UtfString
Initializing a UtfString

The strings in the UtfString library have been designed to be as similar as possible to the STL strings. As a result, UtfStrings are initialized much like the STL strings.

First of all, a UtfString can be constructed but not initialized, which creates an empty string

Utf8String utf8String;
Utf16String utf16String;

UtfString constructors accept a variety of commonly-used string data types, including const char*, std::string, const wchar_t*, etc. UtfStrings can be initialized using these data types.. The exact data types can be determined by looking at the Utf8String and Utf16String constructors. Note that both Utf8String and Utf16String constructors accept accept similar types of strings, but there are small differences between them. Utf16String constructors, for example, accept more 16-bit string types than Utf8String constructors, since it is much more likely that 16-bit string types will be passed to Utf16String . Even if you wish to initialize a Utf8String with a more obscure 16-bit string data type, it can easily be done by passing it to a Utf16String constructor and then passing the Utf16String instance to Utf8String .

Initialization and assigning are done in pretty much the same way. The only significant difference is that the string instance is declared during initialization.

//Example of initialization
Utf8String utf8String = "A string";
//Example of assignment
utf8String = "Another string";

Here are some examples of initialization and assignment. Please read the commentary carefully, as it may save you from some painful mistakes.

First off, let's start by initializing some strings with an ordinary ASCII string constant.

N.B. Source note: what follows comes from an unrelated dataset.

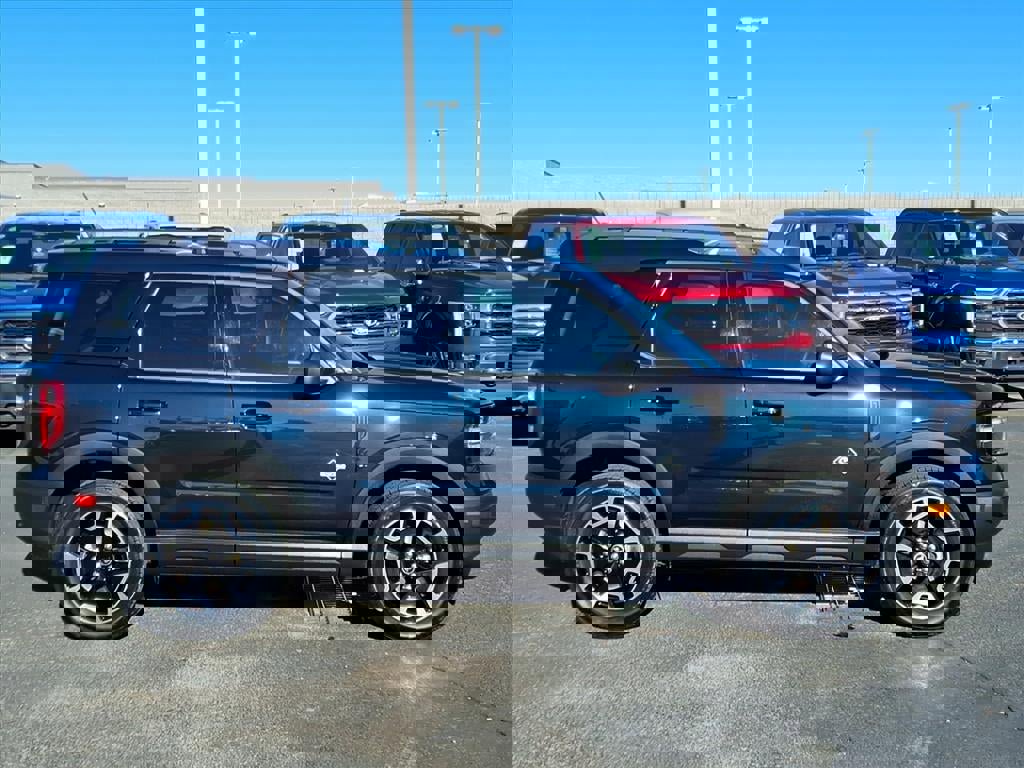 Certified 2023 Ford Bronco Sport Outer Banks w/ Tech Package image 3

//Initialize Utf8String using an ordinary ASCII string constant
Utf8String utf8String = "This is a simple string";
//Initialize Utf16String using an ordinary ASCII string constant
Utf16String utf16String = "This is a simple string";

After the initialization, both strings will contain the same string, with utf8String storing the string as 8-bit UTF-8 code units, and utf16String storing the string as 16-bit UTF-16 code units. The encodings are different, but the two strings are equal to each other, since the Unicode characters (the code points) are the same.

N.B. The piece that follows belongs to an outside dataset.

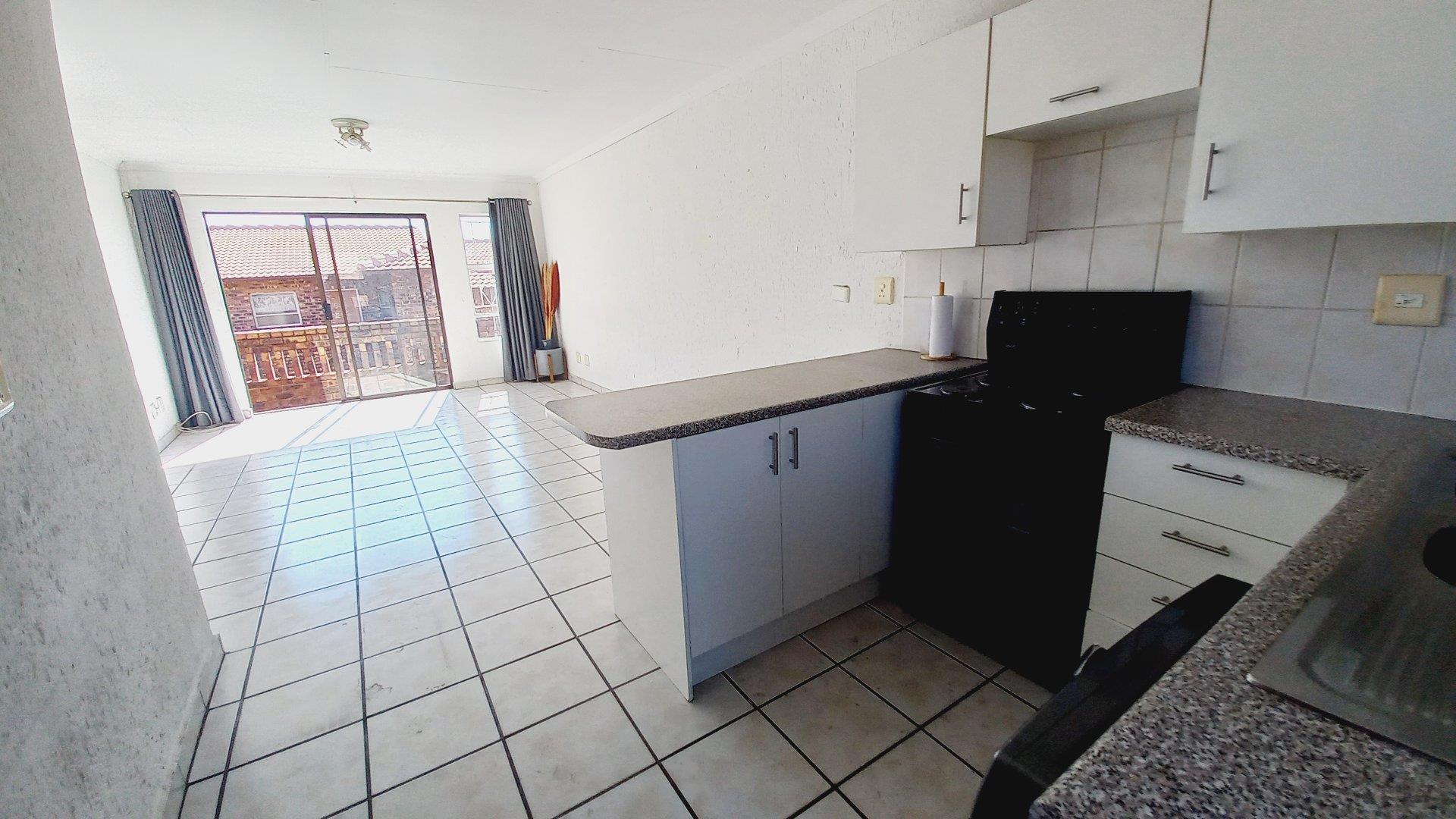 To Let 2 Bedroom Property for Rent in Buccleuch Gauteng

Now we're going to assign a bunch of Unicode characters that are clearly not ASCII characters The source file containing this code has to be saved in a format that will preserve the characters, such as UTF-8 or UTF-16. If saved in a format that just stores 8-bit ASCII or ANSI characters, these characters will be converted in the source file to some other characters that fit in the encoding, and the string will be transformed into something different. So if you use characters not found in ASCII, make sure that you save the source code file as UTF-8 or UTF-16.

utf8String = "ωE4ڽhъ"
utf16String = "ωE4ڽhъ"

The fourth character is some sort of Arabic character that may or may not display properly depending on which browser you are using to view this code and what sort of characters your operating system and/or browser are capable of displaying. It may be displayed properly (looks a little like the character "Ü") or it may be displayed as question mark or rectangle.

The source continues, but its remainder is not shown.